This is a general observation about new boards. In recent years I am afraid I have detected a tendency to create boards and authorities with the purpose of relieving persons who have held themselves out as being anxious to exercise public authority of that responsibility. A couple of years ago — and it was not the first time it was mooted — our colleague, Deputy Noonan, Minister for Justice, floated the idea of a police authority. We do not need a police authority because the whole point of having a Minister for Justice, a Government and a Dáil to which he is responsible is that he must carry the wind. He must stand up to the whirlwind of criticism and take responsibility for the correct functioning of the police force and its proper command. He must make certain that the only thing a policeman has to fear is not doing his duty — if he does his duty he has nothing to fear, but has everything to fear if he abuses it. That is what a Minister is there for, not an authority. I am delighted that the Minister, Deputy Noonan, heard me say this at a meeting. He has gone off the theme and we have heard no more about the police authority.

I must ask the Deputy to speak to the Bill being debated.

Bord na bPóiliní is now a spook. It has joined Deputy O'Malley's employment action team——

Three cheers for the radical Tory.

——and his industrial development consortium and will be heard of no more in the land of the living. However, I cannot guarantee that some future Minister will not again produce a police authority in order to shed the responsibility which he himself must carry.

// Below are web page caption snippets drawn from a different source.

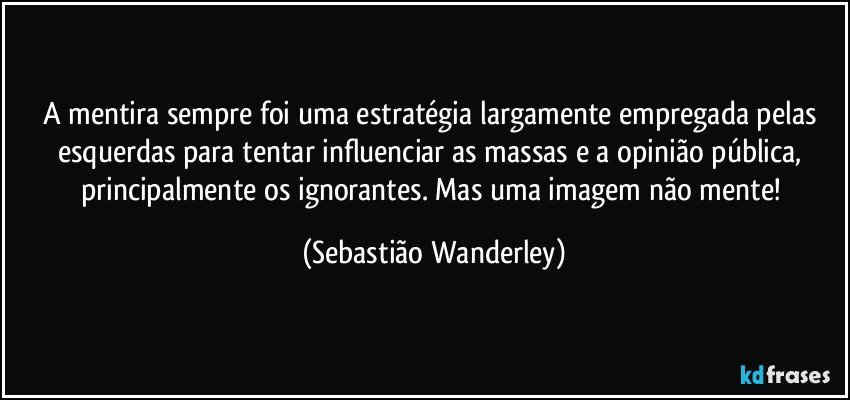 A mentira sempre foi uma estratégia largamente empregada pelas esquerdas para tentar influenciar as massas e a opinião pública, principalmente os ignorantes. Mas uma imagem não mente! (Sebastião Wanderley)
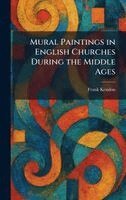 Frank Kendon - Mural Paintings in English Churches During the Middle Ages, Inbunden. Tillgänglighet: Lägg i varukorg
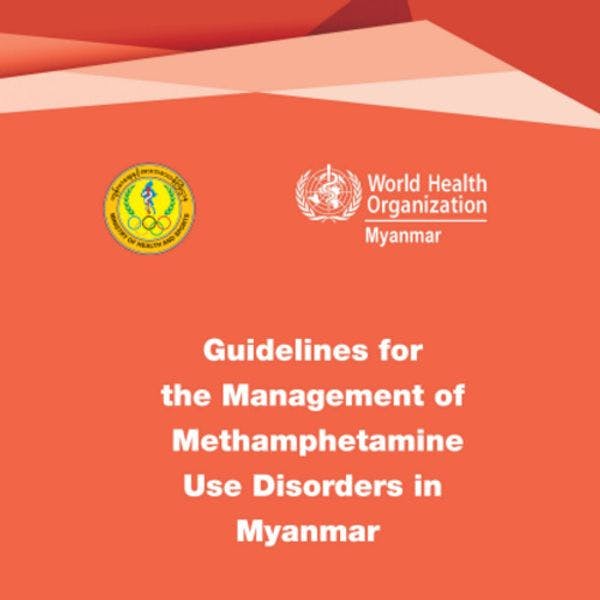 Directives pour la gestion du trouble lié à l’usage de méthamphétamine au Myanmar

Would you speak to the Bill?

I am trying to put the thing in some kind of perspective so that I shall not be thought unreasonable or selective in picking this authority for this kind of critique. Deputy Wilson and I were both in the Dáil at the time — and we are not by any means the senior Members — but it is not so long ago that it was felt that a Minister for Local Government no longer could be trusted to do the job which, presumably, once upon a time he held himself as able to do, namely decide planning appeals. The suspicion — and, indeed, in many cases the certainty — of political interference was so strong that he could not any longer be trusted to do that job in a clean way. So in a Bill which came into force in 1977 we got An Bord Pleanála, the Planning Board. That was to be a board to decide planning appeals. It was a new authority because the existing authority, the Minister, could no longer be trusted to do this. I do not mean any particular Minister, but the Minister as an institution, a body, a corporate soul with perpetual succession. It was not that he was thought to be overburdened in terms of work, but simply that people had no confidence in his ability to withstand political pressure.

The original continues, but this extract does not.